Carr, in an interview, said one way to do this is to charge companies such as Amazon, Google and Netflix. He cited “companies that take advantage of the modern network and pay next to nothing”.
The proposal adds to the struggles for big tech companies in Washington, where lawmakers and regulators threaten to break down social media providers and deprive them of key legal protections. Now Carr, who once called on the FCC to “do her part to get Big Tech under control”, wants to make the pain worse.
Congress voted $ 3.2 billion in December for an emergency broadband program that offers $ 50 in monthly grants. The program has attracted more than 2.3 million homes. But once it runs out, maybe in a few months, the addiction reverts to the struggling grant introduced in 1997 – which typically pays $ 9.25 per month per household.
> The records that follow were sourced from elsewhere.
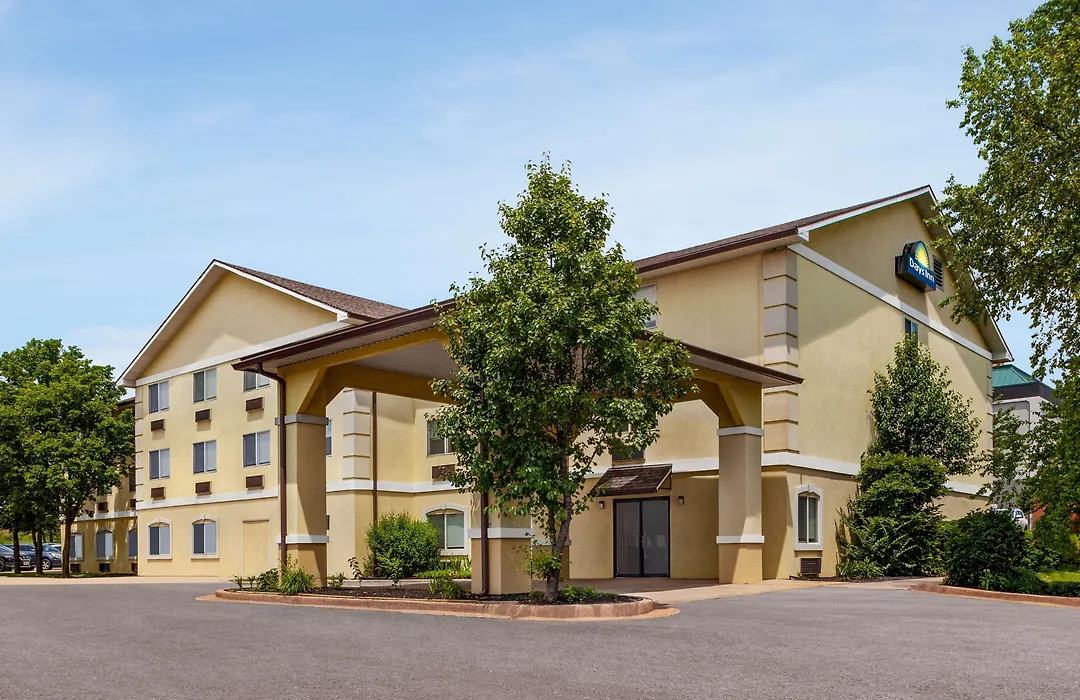 Days Inn By Wyndham Kansas City International Airport-1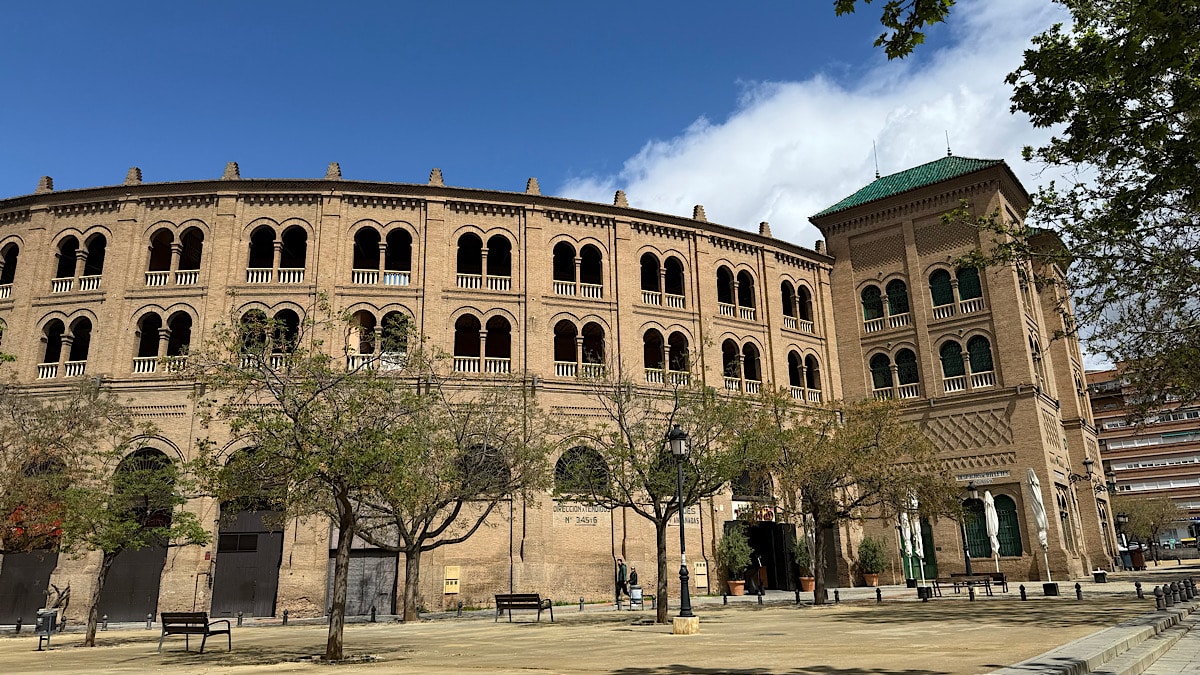 plaza-de-toros-buitenaanzicht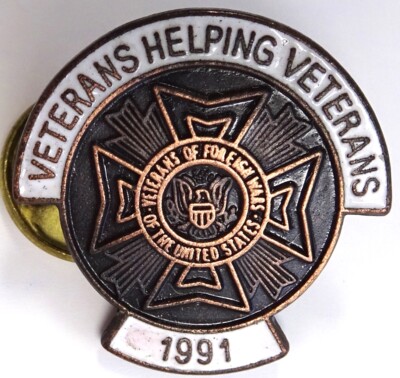 Veterans of Foreign Wars Veterans Helping Veterans of the United States Pin 1991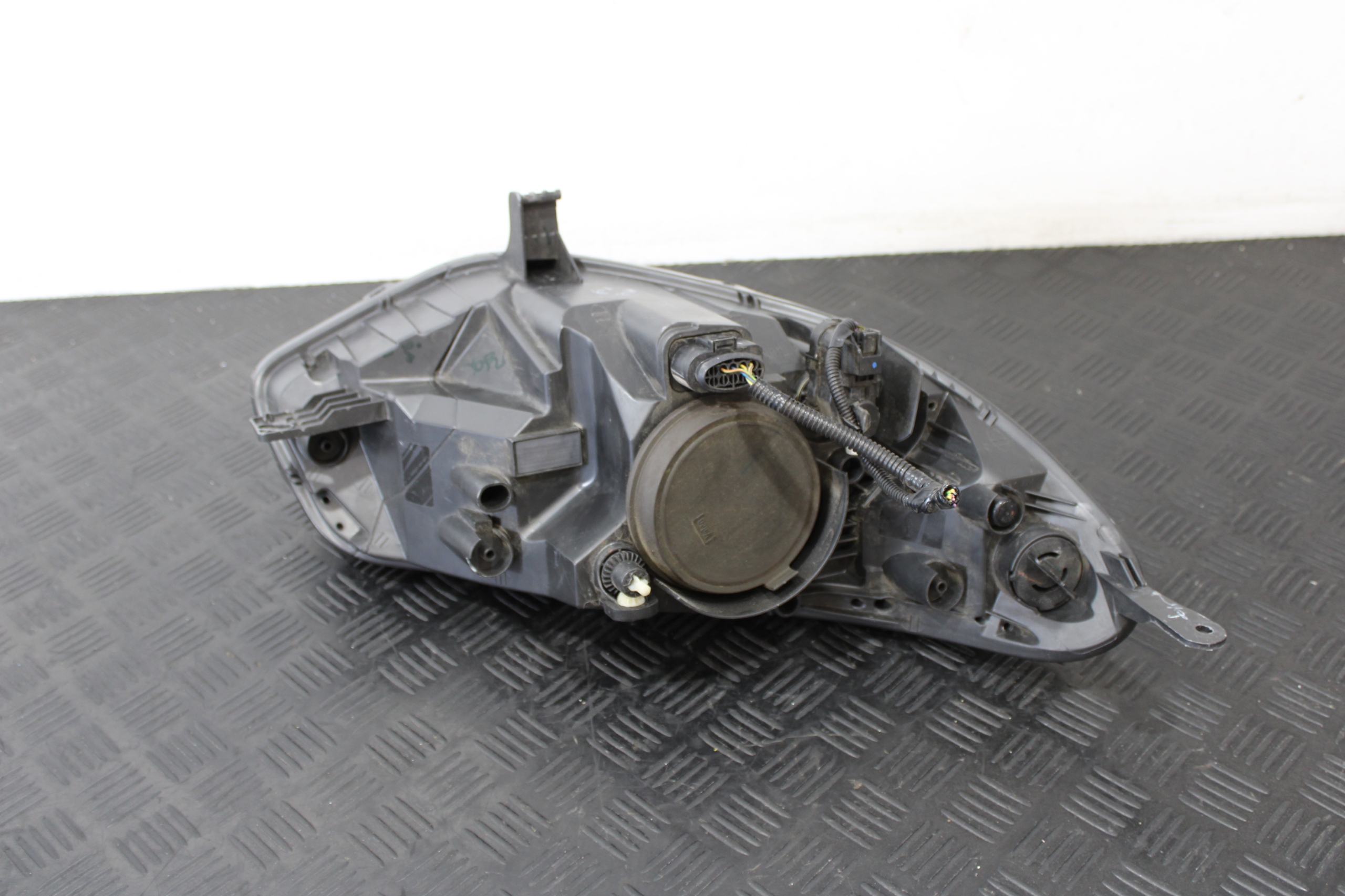 light left front CN1513W030BG FORD ECOSPORT II MK2 FL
Carr in a Newsweek op-ed suggested lawmakers and regulators could set fees for web companies like Google, Facebook, Apple, and even Microsoft for Xbox games.
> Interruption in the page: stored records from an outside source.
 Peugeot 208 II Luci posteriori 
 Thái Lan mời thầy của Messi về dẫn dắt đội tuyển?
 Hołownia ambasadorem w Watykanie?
The call from Carr, a Republican, sparked interest.
“It’s an intriguing idea. And we’re going to need some ideas,” Interim FCC President Jessica Rosenworcel, a Democrat, told Bloomberg TV on Friday.
“Keeping the Universal Service Fund strong is really important to ensure that broadband helps reach rural America, and also provides support for broadband and affordability in urban America,” he said. she declared.
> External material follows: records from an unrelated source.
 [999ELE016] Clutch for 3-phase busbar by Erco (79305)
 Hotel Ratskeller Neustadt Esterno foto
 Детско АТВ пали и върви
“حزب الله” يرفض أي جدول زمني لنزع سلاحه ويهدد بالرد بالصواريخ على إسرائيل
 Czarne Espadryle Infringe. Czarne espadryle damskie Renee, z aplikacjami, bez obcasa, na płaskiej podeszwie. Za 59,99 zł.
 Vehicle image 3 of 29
USTelecom says it has “all the political options on the table,” said Jonathan Spalter, chairman of the business group, which includes major operators AT&T and Verizon Communications. Spalter called for “a conversation” that “the entire Internet ecosystem” shares responsibility.
AT&T, America’s largest telephone company by revenue, perked up when Carr outlined his plan in Newsweek.
“It’s hard to imagine a successful reform that does not include a version of this proposal,” Hank Hultquist, vice president of federal regulation for AT&T, said in a tweet. The company has argued for Congressional appropriations – an idea opposed by others who fear the grant may be plagued by annual fundraising struggles.
AT&T CEO John Stankey on Thursday called the system “significantly overloaded.” If the credits are not passed, collecting royalties from “the whole industry that benefits from the Internet” could stabilize the subsidy, Stankey said in an interview with David Rubenstein at the Economic Club of Washington.
K. Dane Snowden, chairman of the Internet Association business group, in an emailed statement called on the FCC to “take a common sense approach and not punish innovative, high-quality streaming services.” . Members of the business group include Facebook, Amazon, Google, eBay, and other online companies.
Because the FCC does not have authority over Web companies, Congress should step in.
“It’s a time bomb, and it’s only getting worse. But I don’t see Congress moving quickly on this,” said Doug Brake, director of broadband and spectrum policy at Information Technology & Innovation Foundation, a non-profit research organization. “Really, almost all of the proposed funding sources are going to be controversial.”
Information for this article was provided by Scott Moritz of Bloomberg News (WPNS).